• What is required: Starting with the line that contains "Ισραηλινά τανκς σε", copy every line through the end of the data below, exactly and with nothing added.

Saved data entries

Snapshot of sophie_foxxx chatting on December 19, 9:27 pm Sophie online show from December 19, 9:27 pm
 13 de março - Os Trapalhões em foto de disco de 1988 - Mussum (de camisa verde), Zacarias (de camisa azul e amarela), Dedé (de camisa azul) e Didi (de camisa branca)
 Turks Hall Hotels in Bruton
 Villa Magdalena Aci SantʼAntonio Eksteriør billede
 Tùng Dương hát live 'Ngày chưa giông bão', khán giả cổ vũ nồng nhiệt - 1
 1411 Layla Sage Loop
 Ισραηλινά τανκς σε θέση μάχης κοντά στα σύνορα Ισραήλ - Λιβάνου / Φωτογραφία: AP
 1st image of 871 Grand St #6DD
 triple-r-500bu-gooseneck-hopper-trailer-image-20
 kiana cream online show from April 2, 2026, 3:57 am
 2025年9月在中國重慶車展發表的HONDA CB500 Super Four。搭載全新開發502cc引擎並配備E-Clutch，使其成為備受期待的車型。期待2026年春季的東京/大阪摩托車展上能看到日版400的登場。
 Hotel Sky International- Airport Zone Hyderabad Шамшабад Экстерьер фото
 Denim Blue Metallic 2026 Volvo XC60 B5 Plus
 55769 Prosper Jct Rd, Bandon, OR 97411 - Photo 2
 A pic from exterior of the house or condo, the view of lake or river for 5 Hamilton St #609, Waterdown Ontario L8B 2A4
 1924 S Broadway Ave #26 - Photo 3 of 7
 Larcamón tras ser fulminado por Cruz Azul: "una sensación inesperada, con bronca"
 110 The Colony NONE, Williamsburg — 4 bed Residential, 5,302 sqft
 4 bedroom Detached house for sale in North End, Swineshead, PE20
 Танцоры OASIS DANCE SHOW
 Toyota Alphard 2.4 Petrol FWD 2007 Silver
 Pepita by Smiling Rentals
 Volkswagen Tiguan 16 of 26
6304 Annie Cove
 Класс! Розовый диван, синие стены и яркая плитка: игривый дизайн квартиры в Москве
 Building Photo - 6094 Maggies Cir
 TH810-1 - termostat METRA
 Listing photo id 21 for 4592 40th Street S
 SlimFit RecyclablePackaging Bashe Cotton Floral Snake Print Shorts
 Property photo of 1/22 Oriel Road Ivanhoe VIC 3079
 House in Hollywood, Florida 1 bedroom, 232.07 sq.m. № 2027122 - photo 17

• Exercise solution:
 Ισραηλινά τανκς σε θέση μάχης κοντά στα σύνορα Ισραήλ - Λιβάνου / Φωτογραφία: AP
 1st image of 871 Grand St #6DD
 triple-r-500bu-gooseneck-hopper-trailer-image-20
 kiana cream online show from April 2, 2026, 3:57 am
 2025年9月在中國重慶車展發表的HONDA CB500 Super Four。搭載全新開發502cc引擎並配備E-Clutch，使其成為備受期待的車型。期待2026年春季的東京/大阪摩托車展上能看到日版400的登場。
 Hotel Sky International- Airport Zone Hyderabad Шамшабад Экстерьер фото
 Denim Blue Metallic 2026 Volvo XC60 B5 Plus
 55769 Prosper Jct Rd, Bandon, OR 97411 - Photo 2
 A pic from exterior of the house or condo, the view of lake or river for 5 Hamilton St #609, Waterdown Ontario L8B 2A4
 1924 S Broadway Ave #26 - Photo 3 of 7
 Larcamón tras ser fulminado por Cruz Azul: "una sensación inesperada, con bronca"
 110 The Colony NONE, Williamsburg — 4 bed Residential, 5,302 sqft
 4 bedroom Detached house for sale in North End, Swineshead, PE20
 Танцоры OASIS DANCE SHOW
 Toyota Alphard 2.4 Petrol FWD 2007 Silver
 Pepita by Smiling Rentals
 Volkswagen Tiguan 16 of 26
6304 Annie Cove
 Класс! Розовый диван, синие стены и яркая плитка: игривый дизайн квартиры в Москве
 Building Photo - 6094 Maggies Cir
 TH810-1 - termostat METRA
 Listing photo id 21 for 4592 40th Street S
 SlimFit RecyclablePackaging Bashe Cotton Floral Snake Print Shorts
 Property photo of 1/22 Oriel Road Ivanhoe VIC 3079
 House in Hollywood, Florida 1 bedroom, 232.07 sq.m. № 2027122 - photo 17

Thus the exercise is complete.